Robo-Advisors lassen grüssen

Was für die Pensionskassen gilt, trifft die ebenfalls gesetzlich abgeschirmten Spargelder der 3. Säule. Hier gibt es bereits erste digital unterstützte Angebote (digitales Front-end). So etwa bei der Aargauer Kantonalbank: Dank einem «Regelschieber» erfährt der Kunde auf einfache Art, wie sich das Risiko-Rendite-Profil bei unterschiedlicher Vermögensallokation verändert. Oder auch beim Startup VIAC, der mit der WIR Bank kooperiert. Selbst Kleinstbeträge können dort jederzeit ohne Mindestgebühr oder -laufzeit auf mehrere Vorsorgekonti eingezahlt und nach verschiedenen Strategien investiert werden. Solche Angebote werden zunehmen (müssen). Robo-Advisors lassen grüssen.

Und damit ist klar, dass die Digitalisierung auch im Vorsorgegeschäft ein «Gamechanger» wird. In digitalen Ökosystemen werden sich künftig Kunden in einem Netzwerk von Dienstleistern bewegen, die ihre spezifischen Kompetenzen miteinander verknüpfen und so gemeinsam das Kundenerlebnis revolutionieren. Endkunden wie auch Entscheidungsträger im B2B-Geschäft orientieren sich zudem mehr und mehr an unabhängigen Stimmen anderer Kunden in der Community.

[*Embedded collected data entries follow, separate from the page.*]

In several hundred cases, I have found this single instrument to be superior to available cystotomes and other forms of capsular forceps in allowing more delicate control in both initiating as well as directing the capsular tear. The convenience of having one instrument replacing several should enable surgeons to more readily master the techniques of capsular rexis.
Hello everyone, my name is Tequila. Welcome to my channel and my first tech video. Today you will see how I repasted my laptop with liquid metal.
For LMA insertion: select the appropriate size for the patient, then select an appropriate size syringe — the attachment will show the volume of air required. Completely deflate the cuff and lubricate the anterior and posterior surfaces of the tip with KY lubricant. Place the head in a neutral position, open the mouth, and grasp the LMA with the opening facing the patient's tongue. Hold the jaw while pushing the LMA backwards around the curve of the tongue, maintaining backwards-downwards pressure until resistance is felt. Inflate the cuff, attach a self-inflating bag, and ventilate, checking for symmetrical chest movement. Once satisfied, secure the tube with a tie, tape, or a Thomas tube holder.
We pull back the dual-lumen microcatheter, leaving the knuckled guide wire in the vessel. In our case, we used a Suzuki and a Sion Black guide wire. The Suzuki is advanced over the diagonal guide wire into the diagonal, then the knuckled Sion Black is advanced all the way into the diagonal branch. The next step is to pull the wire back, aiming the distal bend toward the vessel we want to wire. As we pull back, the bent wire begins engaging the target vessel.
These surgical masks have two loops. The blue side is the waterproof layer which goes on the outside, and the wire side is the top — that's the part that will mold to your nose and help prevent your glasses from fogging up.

Persönliches Finanzcockpit

Aber aufgepasst: Vielleicht versteckt sich hinter dem einen oder anderen Kundenprofil ein gewiefter Digital-Marketing-Manager eines grossen Versicherers. Nichtsdestotrotz, erfolgreich wird sein, wer sich in diesen Netzwerken positionieren und integrieren kann – und damit einen Mehrwert schafft.

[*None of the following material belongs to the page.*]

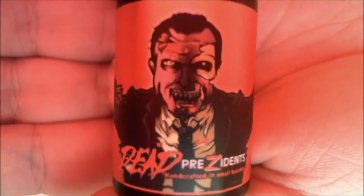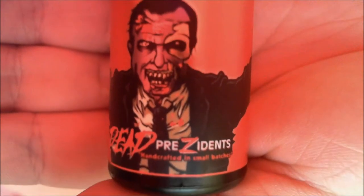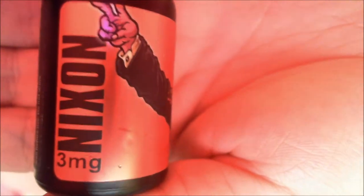Hello YouTube! It's time for another sample box review. We've got a really interesting bottle here. The Dead Presidents — handcrafted in small batches. This is the Nixon, 3mg of nicotine.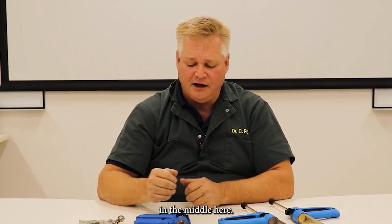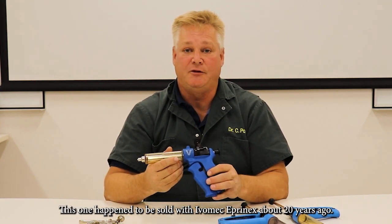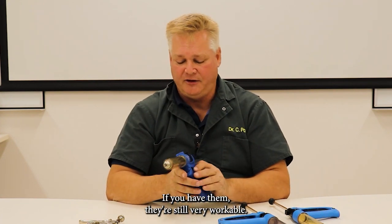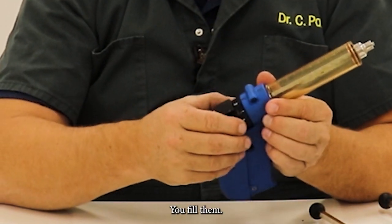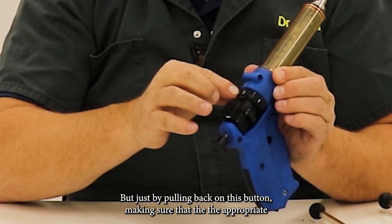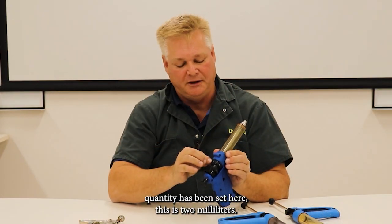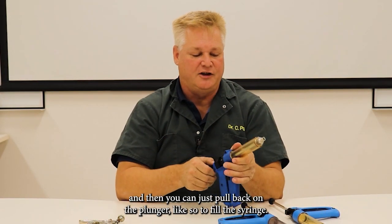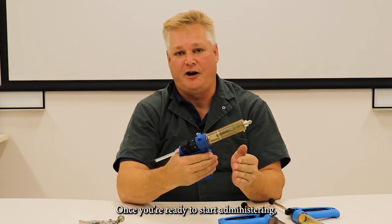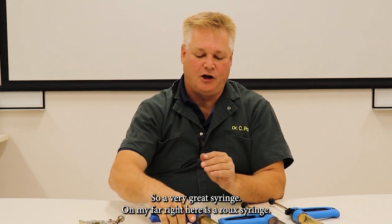In the middle here, we have an older variety of syringe. This one happened to be sold with Ivomec Eprinex about 20 years ago. It's a great syringe if you have them — they're still very workable. You fill them just by pulling back on this button, making sure that the appropriate quantity has been set here. This is two milliliters — there's the arrow — and then you can just pull back on the plunger to fill the syringe. Once you're ready to start administering, just squeeze the handle and it locks into place. It's a very great syringe.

Firmeneigene Stiftungen stehen nicht im Wettbewerb, (teil)autonome Sammelstiftungen schon. Letztere sind Teil des Ökosystems rund um die Vorsorge für ein finanziell abgesichertes Alter. Digitalisierte Pensionskassen werden Daten und Schnittstellen entwickeln, die sich beispielsweise in Plattformen integrieren lassen, die jederzeit Zugang zur persönlichen Vermögens- und Vorsorgesituation über eine Art «persönliches Finanzcockpit» bieten.

Change-Agents einbinden

Digitalisierungsprojekte sind ressourcenintensiv. Sie verschlingen Kosten für externe Beratung und verursachen interne Aufwände. Nur grosse Pensionskassen können sich solche umfassenden Vorhaben leisten, um später vom Effizienzgewinn und von tieferen Ausgaben zu profitieren. Kleinere Kassen werden auf standardisierte Plattformlösungen ausweichen müssen, um wettbewerbsfähig zu bleiben.

Digitalisierungsprojekte verändern die internen Prozesse eines Unternehmens und die Zusammenarbeit mit den Stakeholdern allgemein grundlegend. Führungskräfte müssen die Gefühle und Bedürfnisse ihrer Mitarbeitenden kennen und erkennen, wen sie aktiv als «Change-Agent» einbinden können. Es reicht nicht, Mitarbeitende regelmässig über den Projektstatus zu informieren. Sie über alle Stufen in das Projekt einzubinden, ist eine Voraussetzung für nachhaltigen Projekterfolg.